Output all entries below exactly as they are given.

★ ★ ★

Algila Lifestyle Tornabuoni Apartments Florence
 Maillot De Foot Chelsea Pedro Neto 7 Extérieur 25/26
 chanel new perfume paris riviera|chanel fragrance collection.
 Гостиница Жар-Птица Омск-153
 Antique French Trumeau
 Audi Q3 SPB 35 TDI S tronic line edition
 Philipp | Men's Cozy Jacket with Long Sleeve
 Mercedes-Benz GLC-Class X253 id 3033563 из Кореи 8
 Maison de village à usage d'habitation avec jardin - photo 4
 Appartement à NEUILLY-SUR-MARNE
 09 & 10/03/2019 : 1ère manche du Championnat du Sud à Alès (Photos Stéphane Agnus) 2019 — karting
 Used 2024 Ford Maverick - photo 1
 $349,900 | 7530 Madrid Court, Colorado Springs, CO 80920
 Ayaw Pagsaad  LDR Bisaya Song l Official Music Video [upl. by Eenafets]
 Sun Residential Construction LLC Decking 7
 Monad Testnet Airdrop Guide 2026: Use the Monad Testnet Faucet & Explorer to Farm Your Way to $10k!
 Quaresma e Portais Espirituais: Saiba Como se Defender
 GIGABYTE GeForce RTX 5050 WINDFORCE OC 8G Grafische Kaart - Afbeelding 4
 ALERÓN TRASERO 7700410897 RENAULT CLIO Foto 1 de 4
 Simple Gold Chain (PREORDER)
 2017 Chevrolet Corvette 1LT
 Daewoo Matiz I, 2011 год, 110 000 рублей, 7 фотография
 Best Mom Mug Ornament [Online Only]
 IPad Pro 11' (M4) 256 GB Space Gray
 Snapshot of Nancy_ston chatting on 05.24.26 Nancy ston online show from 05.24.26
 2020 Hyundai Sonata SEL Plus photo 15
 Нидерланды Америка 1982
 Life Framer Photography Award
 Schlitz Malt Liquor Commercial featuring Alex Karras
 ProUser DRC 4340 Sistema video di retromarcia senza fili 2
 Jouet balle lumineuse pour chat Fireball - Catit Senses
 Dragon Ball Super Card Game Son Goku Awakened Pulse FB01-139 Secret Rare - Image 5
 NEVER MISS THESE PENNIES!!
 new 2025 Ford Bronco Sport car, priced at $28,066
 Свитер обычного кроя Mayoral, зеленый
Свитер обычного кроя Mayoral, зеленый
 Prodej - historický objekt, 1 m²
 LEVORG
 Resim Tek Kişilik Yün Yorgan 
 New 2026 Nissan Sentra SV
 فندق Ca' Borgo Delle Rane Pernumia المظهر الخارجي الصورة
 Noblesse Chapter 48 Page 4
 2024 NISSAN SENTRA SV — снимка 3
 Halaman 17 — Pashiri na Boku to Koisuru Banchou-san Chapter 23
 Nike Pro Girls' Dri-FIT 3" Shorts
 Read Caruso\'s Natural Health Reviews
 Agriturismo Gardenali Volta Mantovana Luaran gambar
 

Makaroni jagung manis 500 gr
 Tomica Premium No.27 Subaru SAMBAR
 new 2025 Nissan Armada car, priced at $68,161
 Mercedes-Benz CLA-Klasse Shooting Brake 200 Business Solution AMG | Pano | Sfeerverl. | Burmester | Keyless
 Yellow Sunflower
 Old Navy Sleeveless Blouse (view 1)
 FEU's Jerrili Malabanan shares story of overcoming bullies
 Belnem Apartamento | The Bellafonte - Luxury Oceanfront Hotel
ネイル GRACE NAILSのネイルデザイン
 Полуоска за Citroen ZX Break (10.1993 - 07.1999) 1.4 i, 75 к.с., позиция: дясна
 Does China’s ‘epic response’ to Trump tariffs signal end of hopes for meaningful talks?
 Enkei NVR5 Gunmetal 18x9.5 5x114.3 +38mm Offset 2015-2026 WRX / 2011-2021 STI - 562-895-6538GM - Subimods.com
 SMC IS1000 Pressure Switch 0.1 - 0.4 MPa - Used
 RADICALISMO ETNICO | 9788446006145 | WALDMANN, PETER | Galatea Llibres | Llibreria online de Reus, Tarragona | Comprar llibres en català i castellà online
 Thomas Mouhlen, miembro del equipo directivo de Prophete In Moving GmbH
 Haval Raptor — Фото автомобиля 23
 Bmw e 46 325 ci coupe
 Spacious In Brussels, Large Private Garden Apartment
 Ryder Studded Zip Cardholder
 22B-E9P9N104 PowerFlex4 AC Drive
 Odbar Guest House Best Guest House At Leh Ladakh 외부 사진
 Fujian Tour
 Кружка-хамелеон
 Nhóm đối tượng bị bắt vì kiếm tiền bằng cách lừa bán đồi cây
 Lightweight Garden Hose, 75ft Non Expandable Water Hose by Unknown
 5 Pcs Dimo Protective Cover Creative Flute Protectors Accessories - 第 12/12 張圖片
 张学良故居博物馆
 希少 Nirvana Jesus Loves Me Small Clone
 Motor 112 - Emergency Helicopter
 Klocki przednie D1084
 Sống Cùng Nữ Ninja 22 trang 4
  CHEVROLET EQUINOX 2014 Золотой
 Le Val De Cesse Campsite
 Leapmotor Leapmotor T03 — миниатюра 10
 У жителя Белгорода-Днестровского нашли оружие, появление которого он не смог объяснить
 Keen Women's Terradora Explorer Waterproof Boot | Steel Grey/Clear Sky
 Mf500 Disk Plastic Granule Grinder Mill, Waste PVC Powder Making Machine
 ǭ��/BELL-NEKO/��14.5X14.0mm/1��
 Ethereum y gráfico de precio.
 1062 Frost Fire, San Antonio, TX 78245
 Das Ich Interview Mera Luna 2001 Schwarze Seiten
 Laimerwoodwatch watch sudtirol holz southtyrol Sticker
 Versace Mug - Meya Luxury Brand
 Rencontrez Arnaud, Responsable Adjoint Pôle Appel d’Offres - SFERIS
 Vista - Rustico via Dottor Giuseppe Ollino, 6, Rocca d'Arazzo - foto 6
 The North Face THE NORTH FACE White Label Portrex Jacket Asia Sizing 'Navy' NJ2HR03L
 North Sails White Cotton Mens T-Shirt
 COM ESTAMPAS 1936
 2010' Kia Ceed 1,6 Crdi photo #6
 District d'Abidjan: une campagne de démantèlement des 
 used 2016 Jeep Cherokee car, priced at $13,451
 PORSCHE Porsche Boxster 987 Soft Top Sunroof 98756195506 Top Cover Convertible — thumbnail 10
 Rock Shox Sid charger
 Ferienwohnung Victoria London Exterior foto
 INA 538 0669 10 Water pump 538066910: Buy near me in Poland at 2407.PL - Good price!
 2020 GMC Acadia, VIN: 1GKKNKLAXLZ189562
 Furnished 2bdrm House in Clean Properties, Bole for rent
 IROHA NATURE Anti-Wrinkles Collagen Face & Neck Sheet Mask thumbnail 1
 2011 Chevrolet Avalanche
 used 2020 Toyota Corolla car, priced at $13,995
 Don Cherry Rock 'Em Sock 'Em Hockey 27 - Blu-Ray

★ ★ ★

Task response:
Algila Lifestyle Tornabuoni Apartments Florence
 Maillot De Foot Chelsea Pedro Neto 7 Extérieur 25/26
 chanel new perfume paris riviera|chanel fragrance collection.
 Гостиница Жар-Птица Омск-153
 Antique French Trumeau
 Audi Q3 SPB 35 TDI S tronic line edition
 Philipp | Men's Cozy Jacket with Long Sleeve
 Mercedes-Benz GLC-Class X253 id 3033563 из Кореи 8
 Maison de village à usage d'habitation avec jardin - photo 4
 Appartement à NEUILLY-SUR-MARNE
 09 & 10/03/2019 : 1ère manche du Championnat du Sud à Alès (Photos Stéphane Agnus) 2019 — karting
 Used 2024 Ford Maverick - photo 1
 $349,900 | 7530 Madrid Court, Colorado Springs, CO 80920
 Ayaw Pagsaad  LDR Bisaya Song l Official Music Video [upl. by Eenafets]
 Sun Residential Construction LLC Decking 7
 Monad Testnet Airdrop Guide 2026: Use the Monad Testnet Faucet & Explorer to Farm Your Way to $10k!
 Quaresma e Portais Espirituais: Saiba Como se Defender
 GIGABYTE GeForce RTX 5050 WINDFORCE OC 8G Grafische Kaart - Afbeelding 4
 ALERÓN TRASERO 7700410897 RENAULT CLIO Foto 1 de 4
 Simple Gold Chain (PREORDER)
 2017 Chevrolet Corvette 1LT
 Daewoo Matiz I, 2011 год, 110 000 рублей, 7 фотография
 Best Mom Mug Ornament [Online Only]
 IPad Pro 11' (M4) 256 GB Space Gray
 Snapshot of Nancy_ston chatting on 05.24.26 Nancy ston online show from 05.24.26
 2020 Hyundai Sonata SEL Plus photo 15
 Нидерланды Америка 1982
 Life Framer Photography Award
 Schlitz Malt Liquor Commercial featuring Alex Karras
 ProUser DRC 4340 Sistema video di retromarcia senza fili 2
 Jouet balle lumineuse pour chat Fireball - Catit Senses
 Dragon Ball Super Card Game Son Goku Awakened Pulse FB01-139 Secret Rare - Image 5
 NEVER MISS THESE PENNIES!!
 new 2025 Ford Bronco Sport car, priced at $28,066
 Свитер обычного кроя Mayoral, зеленый
Свитер обычного кроя Mayoral, зеленый
 Prodej - historický objekt, 1 m²
 LEVORG
 Resim Tek Kişilik Yün Yorgan 
 New 2026 Nissan Sentra SV
 فندق Ca' Borgo Delle Rane Pernumia المظهر الخارجي الصورة
 Noblesse Chapter 48 Page 4
 2024 NISSAN SENTRA SV — снимка 3
 Halaman 17 — Pashiri na Boku to Koisuru Banchou-san Chapter 23
 Nike Pro Girls' Dri-FIT 3" Shorts
 Read Caruso\'s Natural Health Reviews
 Agriturismo Gardenali Volta Mantovana Luaran gambar
 

Makaroni jagung manis 500 gr
 Tomica Premium No.27 Subaru SAMBAR
 new 2025 Nissan Armada car, priced at $68,161
 Mercedes-Benz CLA-Klasse Shooting Brake 200 Business Solution AMG | Pano | Sfeerverl. | Burmester | Keyless
 Yellow Sunflower
 Old Navy Sleeveless Blouse (view 1)
 FEU's Jerrili Malabanan shares story of overcoming bullies
 Belnem Apartamento | The Bellafonte - Luxury Oceanfront Hotel
ネイル GRACE NAILSのネイルデザイン
 Полуоска за Citroen ZX Break (10.1993 - 07.1999) 1.4 i, 75 к.с., позиция: дясна
 Does China’s ‘epic response’ to Trump tariffs signal end of hopes for meaningful talks?
 Enkei NVR5 Gunmetal 18x9.5 5x114.3 +38mm Offset 2015-2026 WRX / 2011-2021 STI - 562-895-6538GM - Subimods.com
 SMC IS1000 Pressure Switch 0.1 - 0.4 MPa - Used
 RADICALISMO ETNICO | 9788446006145 | WALDMANN, PETER | Galatea Llibres | Llibreria online de Reus, Tarragona | Comprar llibres en català i castellà online
 Thomas Mouhlen, miembro del equipo directivo de Prophete In Moving GmbH
 Haval Raptor — Фото автомобиля 23
 Bmw e 46 325 ci coupe
 Spacious In Brussels, Large Private Garden Apartment
 Ryder Studded Zip Cardholder
 22B-E9P9N104 PowerFlex4 AC Drive
 Odbar Guest House Best Guest House At Leh Ladakh 외부 사진
 Fujian Tour
 Кружка-хамелеон
 Nhóm đối tượng bị bắt vì kiếm tiền bằng cách lừa bán đồi cây
 Lightweight Garden Hose, 75ft Non Expandable Water Hose by Unknown
 5 Pcs Dimo Protective Cover Creative Flute Protectors Accessories - 第 12/12 張圖片
 张学良故居博物馆
 希少 Nirvana Jesus Loves Me Small Clone
 Motor 112 - Emergency Helicopter
 Klocki przednie D1084
 Sống Cùng Nữ Ninja 22 trang 4
  CHEVROLET EQUINOX 2014 Золотой
 Le Val De Cesse Campsite
 Leapmotor Leapmotor T03 — миниатюра 10
 У жителя Белгорода-Днестровского нашли оружие, появление которого он не смог объяснить
 Keen Women's Terradora Explorer Waterproof Boot | Steel Grey/Clear Sky
 Mf500 Disk Plastic Granule Grinder Mill, Waste PVC Powder Making Machine
 ǭ��/BELL-NEKO/��14.5X14.0mm/1��
 Ethereum y gráfico de precio.
 1062 Frost Fire, San Antonio, TX 78245
 Das Ich Interview Mera Luna 2001 Schwarze Seiten
 Laimerwoodwatch watch sudtirol holz southtyrol Sticker
 Versace Mug - Meya Luxury Brand
 Rencontrez Arnaud, Responsable Adjoint Pôle Appel d’Offres - SFERIS
 Vista - Rustico via Dottor Giuseppe Ollino, 6, Rocca d'Arazzo - foto 6
 The North Face THE NORTH FACE White Label Portrex Jacket Asia Sizing 'Navy' NJ2HR03L
 North Sails White Cotton Mens T-Shirt
 COM ESTAMPAS 1936
 2010' Kia Ceed 1,6 Crdi photo #6
 District d'Abidjan: une campagne de démantèlement des 
 used 2016 Jeep Cherokee car, priced at $13,451
 PORSCHE Porsche Boxster 987 Soft Top Sunroof 98756195506 Top Cover Convertible — thumbnail 10
 Rock Shox Sid charger
 Ferienwohnung Victoria London Exterior foto
 INA 538 0669 10 Water pump 538066910: Buy near me in Poland at 2407.PL - Good price!
 2020 GMC Acadia, VIN: 1GKKNKLAXLZ189562
 Furnished 2bdrm House in Clean Properties, Bole for rent
 IROHA NATURE Anti-Wrinkles Collagen Face & Neck Sheet Mask thumbnail 1
 2011 Chevrolet Avalanche
 used 2020 Toyota Corolla car, priced at $13,995
 Don Cherry Rock 'Em Sock 'Em Hockey 27 - Blu-Ray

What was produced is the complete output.